Here we are in 1977! Don’t asked me how this happened so
quickly – as far as I’m concerned 1976 breezed by – I used to
think it was a sign of getting old when the years went speeding by
so fast – but even our 12 year old is saying this, so I guess that
old line doesn’t hold true anymore.

But, I’d like to wish you a prosperous year, so take a
moment and lend an ear –

JANUARY – May you have the love of Jesus all the year
through

FEBRUARY – Hope you find many new friendships beginning for
you

MARCH – May money matters not be your problems this year

APRIL – Make yourself available to help someone – Volunteer!

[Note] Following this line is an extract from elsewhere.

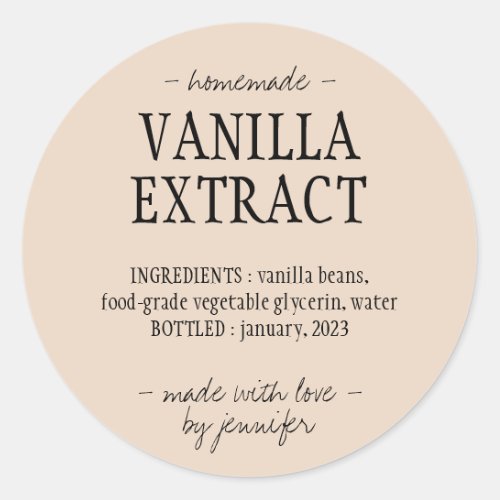 Ivory Bottle Homemade drinking Vanilla Extract Classic Round Sticker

MAY – Mercy and kindness bestow on those who need

JUNE – Joy will be yours when you’ve done a good deed

JULY – May jealousy never darken your days

AUGUST – But appreciate God’s world and walk in his ways

SEPTEMBER – Forget the word Self, think of others instead

OCTOBER – Be an optimist daily, and the ‘good news’
spread

NOVEMBER – Pray for your Nation, your neighbors, your kin

DECEMBER – Be dedicated to God and the victory you’ll
win.

I used to write a bit of poetry-this is not too good-but I think
you get the message.

BILL MAY, 9152 Hector Avenue, San Diego, California 92123 brings
us up to date on their young organization: ‘California Early
Day Gas Engine & Tractor Assn. has 433 members on Southern
California. Wes Hamilton, president; Jim Wyse, vice president; Bob
True, Treasurer and Betty May, Secretary. We are building a museum
on 30 acres of park land at Vista, California. You will be hearing
from us later as things get underway.’

A. J. BROCKHOUSE, R. R. 1, Meredosia, Illinois 62665 writes:
‘First I would like to comment on your wonderful magazine. It
has been very helpful in the collecting of my gas engines. I
recently purchased an Alamo 7 HP, 6′ bore, 9′ stroke, hit
and miss gas engine. I would like to hear from someone who has one
of these engines. I would like to know the color and information. A
sketch of the dimensions of the push rod and governor assembly
would be appreciated.’

From DAVID HERBST, Box 67, Esparto, California 95627 comes a
great deal of information. I’m sure the Gas Engine readers will
appreciate his efforts.

‘First I would like to thank you for printing my plea for
help, but right now I don’t know the outcome as it is too early
to tell. What this letter is, in addition to a thank you is an
attempt to answer a few of the questions raised in your column in
the Sept-Oct. 1976 issue. I am writing to you because I felt the
information may be helpful to more than one person.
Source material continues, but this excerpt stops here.